PROVIDED ENTRIES ::
-- -- --

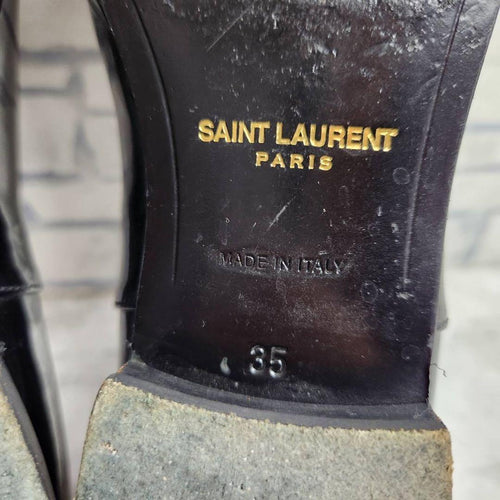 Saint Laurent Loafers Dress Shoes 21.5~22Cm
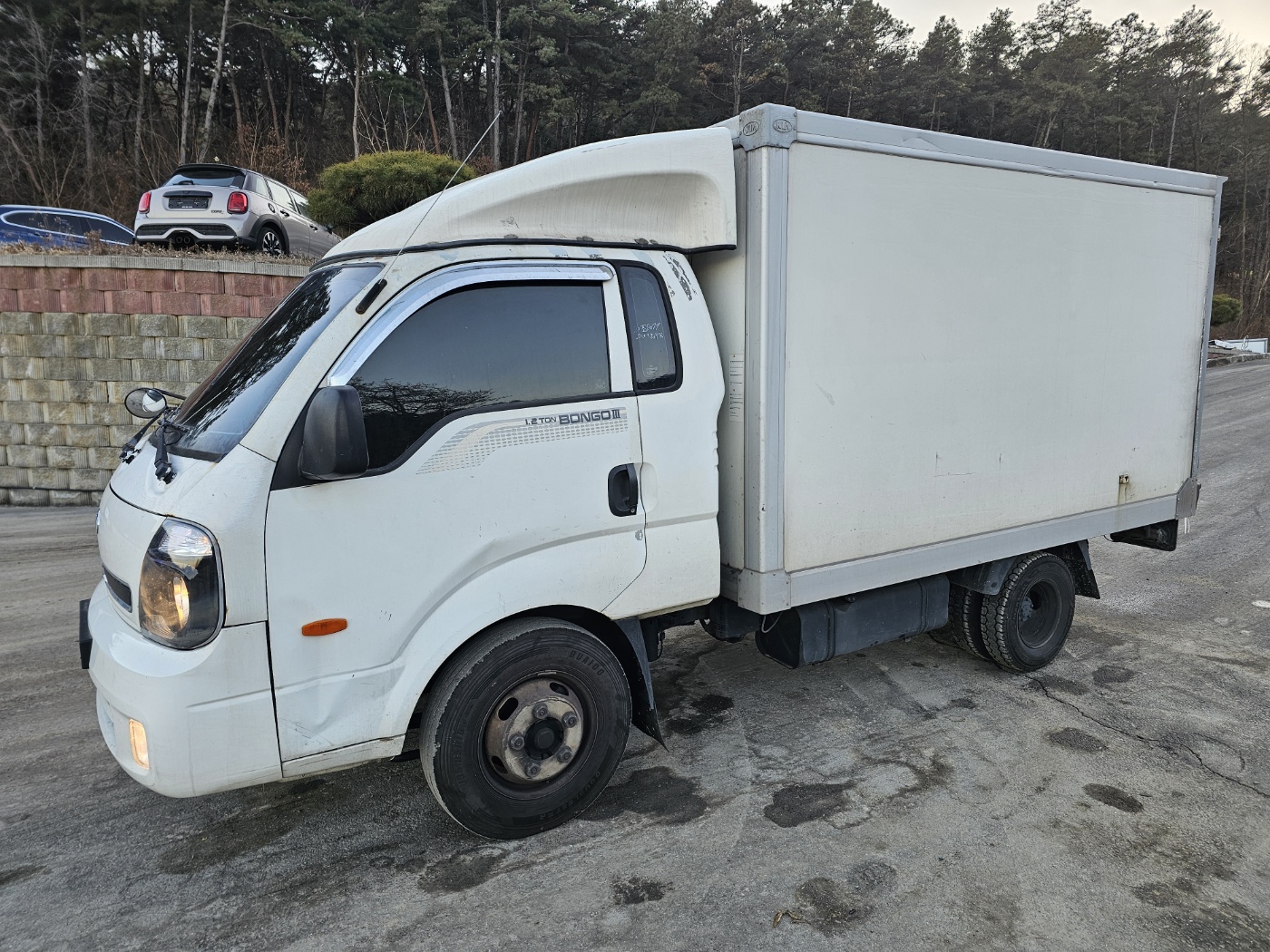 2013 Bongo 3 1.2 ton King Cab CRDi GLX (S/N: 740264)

-- -- --

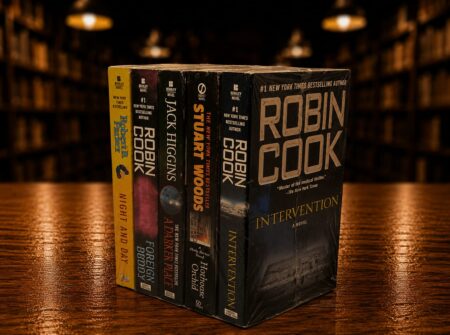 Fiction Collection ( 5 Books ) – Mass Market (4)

-- -- --

ABOUT THIS EXERCISE :: Print the part of the listing above that opens with the line containing "Saint Laurent Loafers Dress Shoes 21.5~22Cm" and closes with the line containing "2013 Bongo 3". Copy it exactly, both ends included, and omit the pictures.

RESPONSE BELOW ::
 Saint Laurent Loafers Dress Shoes 21.5~22Cm
 2013 Bongo 3 1.2 ton King Cab CRDi GLX (S/N: 740264)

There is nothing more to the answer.